*** Listed entries ***

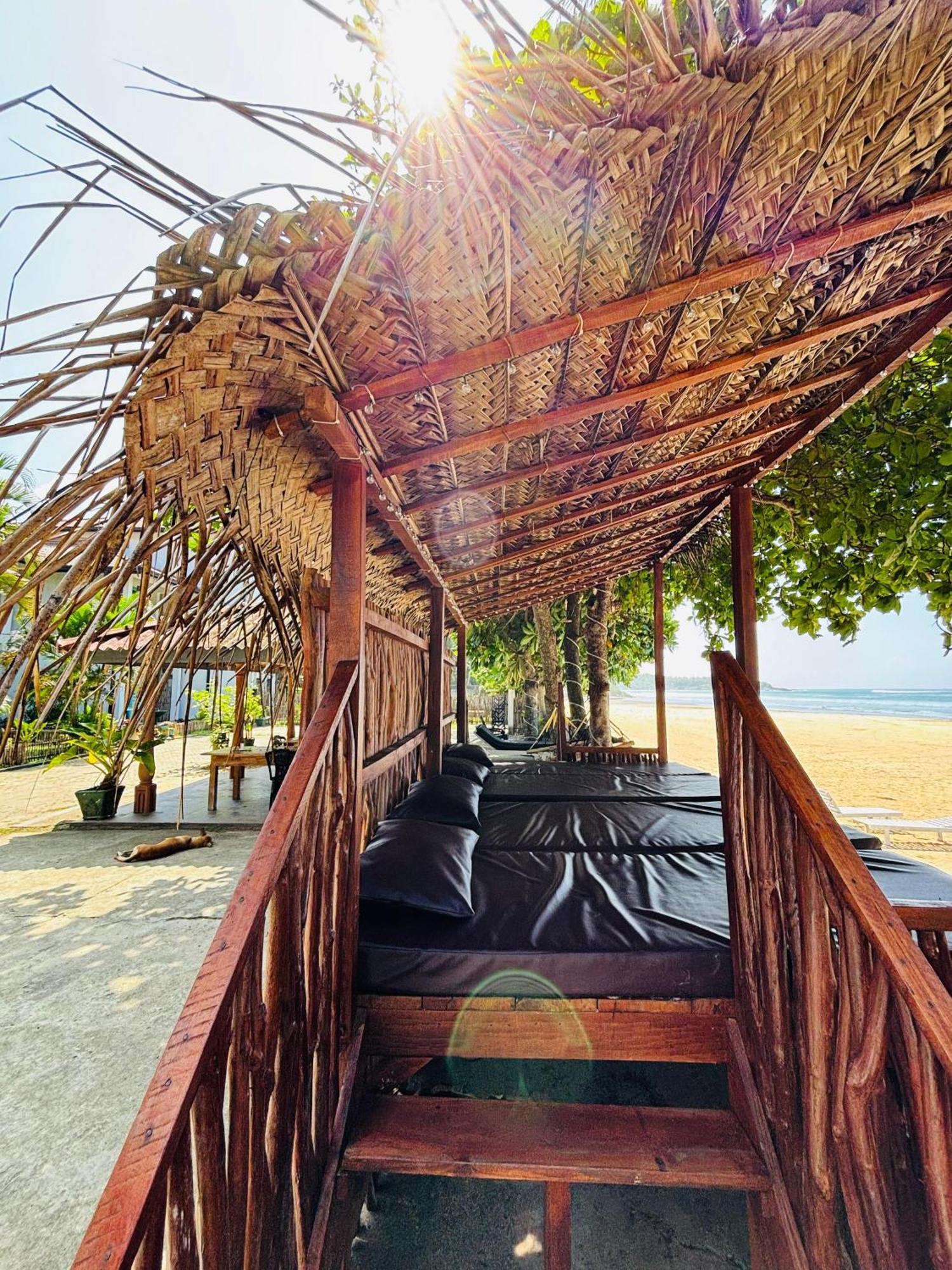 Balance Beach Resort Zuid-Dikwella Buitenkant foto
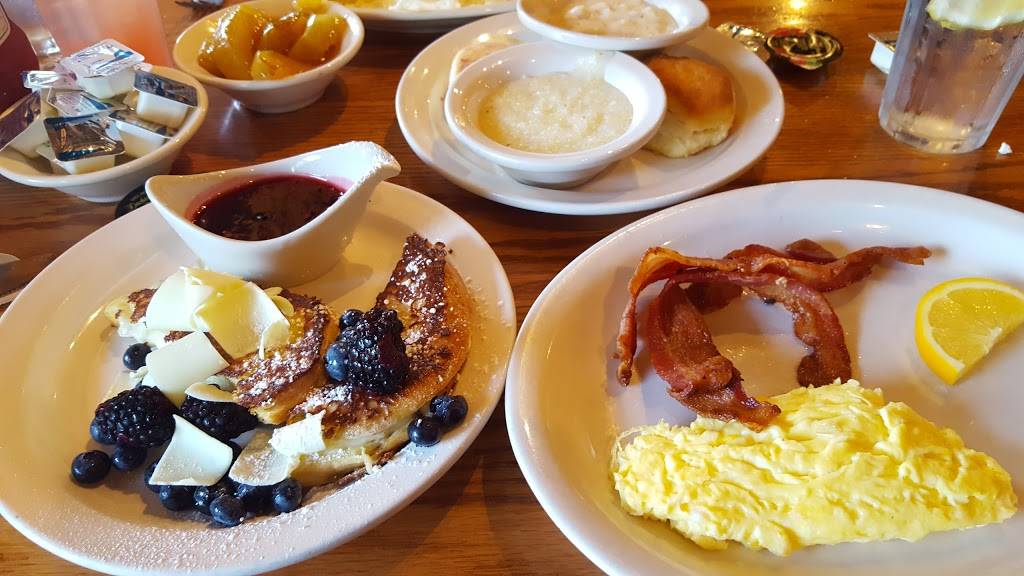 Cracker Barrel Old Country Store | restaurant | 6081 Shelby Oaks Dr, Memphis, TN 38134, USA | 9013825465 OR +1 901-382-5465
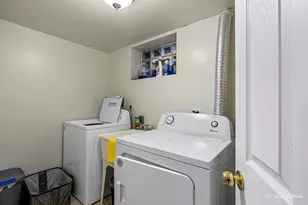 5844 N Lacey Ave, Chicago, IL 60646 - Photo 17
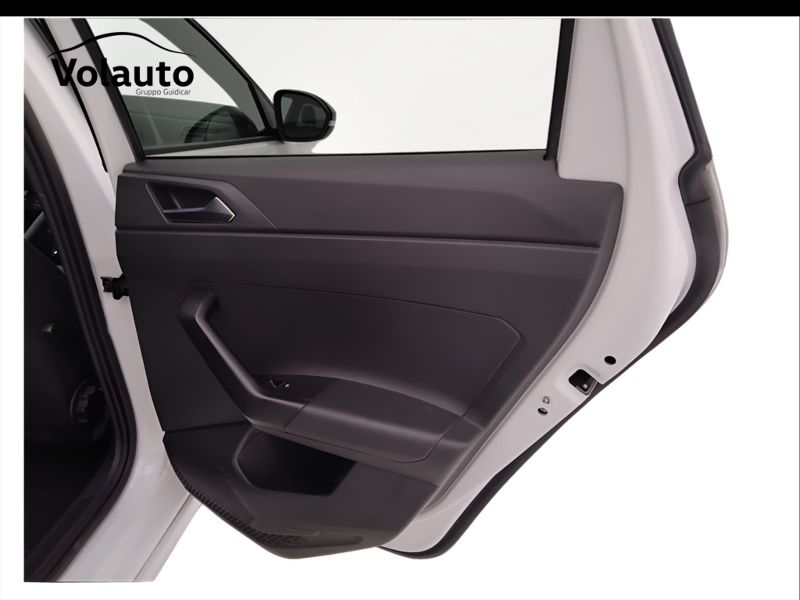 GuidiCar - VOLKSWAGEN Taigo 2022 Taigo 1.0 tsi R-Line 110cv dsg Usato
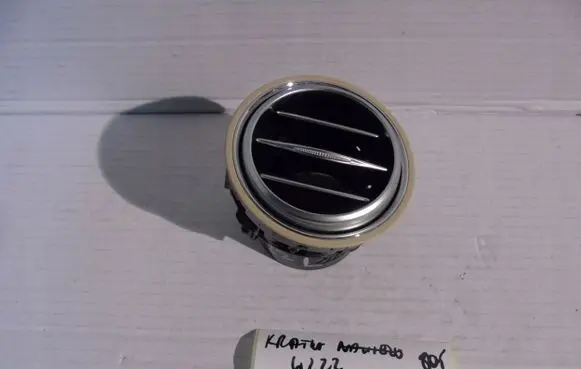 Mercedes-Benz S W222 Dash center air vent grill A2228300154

***

[What the task requires]
Could you copy the listing exactly, leaving out any pictures?

[Answer to this problem]
 Balance Beach Resort Zuid-Dikwella Buitenkant foto
 Cracker Barrel Old Country Store | restaurant | 6081 Shelby Oaks Dr, Memphis, TN 38134, USA | 9013825465 OR +1 901-382-5465
 5844 N Lacey Ave, Chicago, IL 60646 - Photo 17
 GuidiCar - VOLKSWAGEN Taigo 2022 Taigo 1.0 tsi R-Line 110cv dsg Usato
 Mercedes-Benz S W222 Dash center air vent grill A2228300154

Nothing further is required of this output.